A team of German pilots from the Mountain Wave Project (MWP) and researchers from the German Aerospace Center (Deutsches Zentrum für Luft- und Raumfahrt; DLR) have achieved a groundbreaking feat around the highest mountain on Earth. For the first time, they flew to the summit of Mount Everest, 8848 metres above sea level, in a motorised glider – taking with them a special 3D camera, the Modular Airborne Camera System, or MACS. This innovative camera system, developed as part of DLR's focus on technology for security, has been designed to provide the data required to produce a remarkably precise 3D model of the Nepalese Everest region with a resolution of down to 15 centimetres. These images will help improve forecasts of landslides and floods resulting from the outbursting of glacial lakes.

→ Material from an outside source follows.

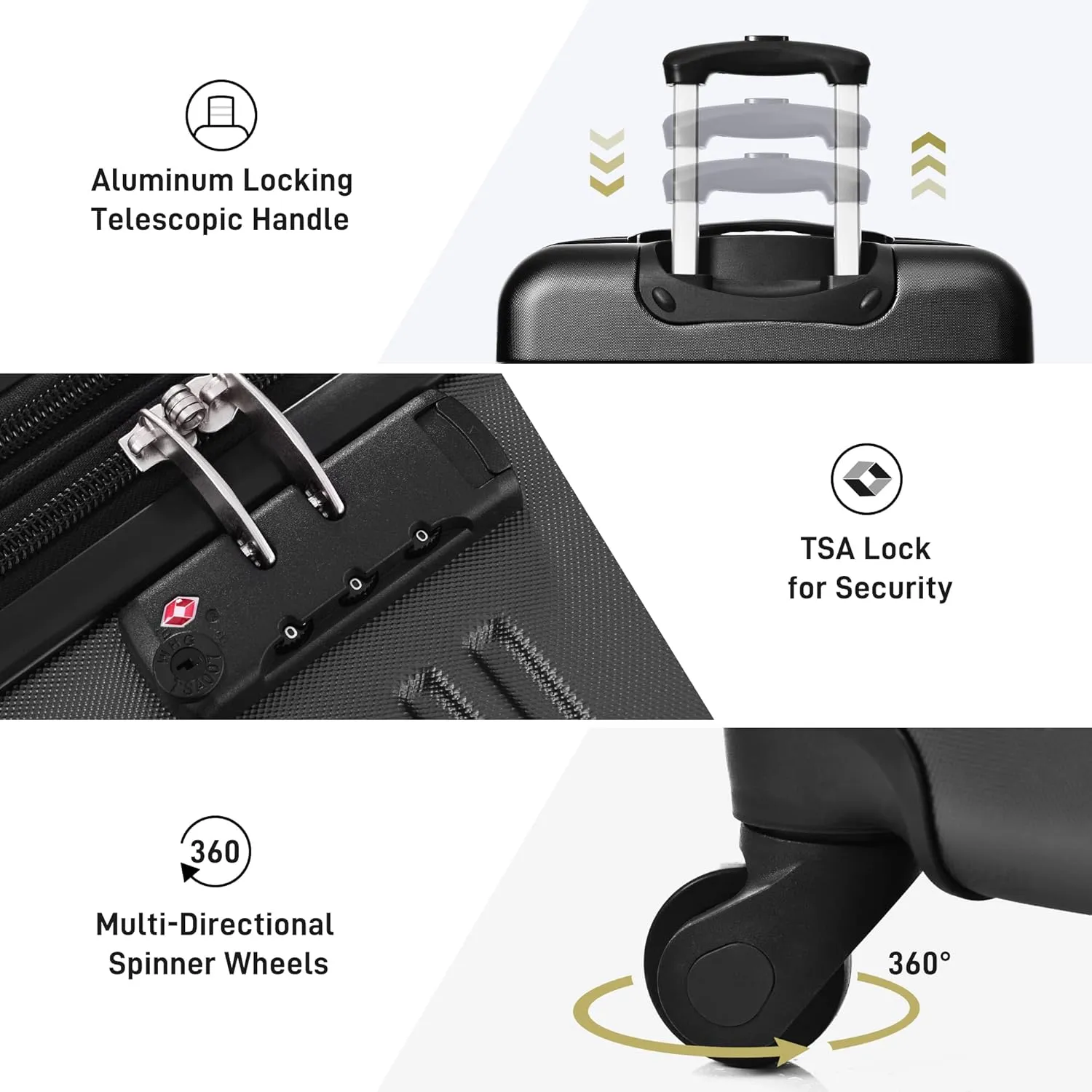 3-Piece Hardshell Suitcase Set with TSA Lock,Spinner Luggage, Light weight 360 Wheels for Travel and Vacation Essentials 20" 24" 28" (Black)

Record-breaking MWP pilot Klaus Ohlmann and co-pilot Jona Keimer needed one and a half hours to reach their destination. They took off from the expedition base camp at Pokhara airport in Nepal on 28 January 2014 and flew along the Himalayas en route to Mount Everest. There, they used mountain waves to gradually gain altitude: "The conditions were ideal, despite the wind speeds at the summit of Everest, which neared 100 kilometres per hour," commented Ohlmann. “The almost turbulence-free slope updrafts helped us ascend quickly." While they were focused on flying, DLR's MACS went about its scientific business from inside a pod on the underside of the starboard wing.
DLR project manager Jörg Brauchle was thrilled at the flawless performance of the 3D camera system at altitudes exceeding 8000 metres: "The pilots did a fantastic job. We were able to fly over all the planned areas in the Nepalese Everest region – including the famous escape route between Lukla and Mount Everest – in 90 minutes." Brauchle and his colleagues from the DLR Institute of Optical Sensor Systems can now, step by step, create computer models of the Khumbu Valley and the adjacent glaciers. "The Khumbu Valley is of particular scientific interest to us because this is where our international partners from the International Centre for Integrated Mountain Development (ICIMOD) operate their test areas and where they have been, for many years now, analysing the slopes and glaciers." They provide valuable comparative measurements for the recently acquired 3D images. Glacier researchers can now draw on the highly accurate 3D data to produce comprehensive and accurate analyses for civil protection.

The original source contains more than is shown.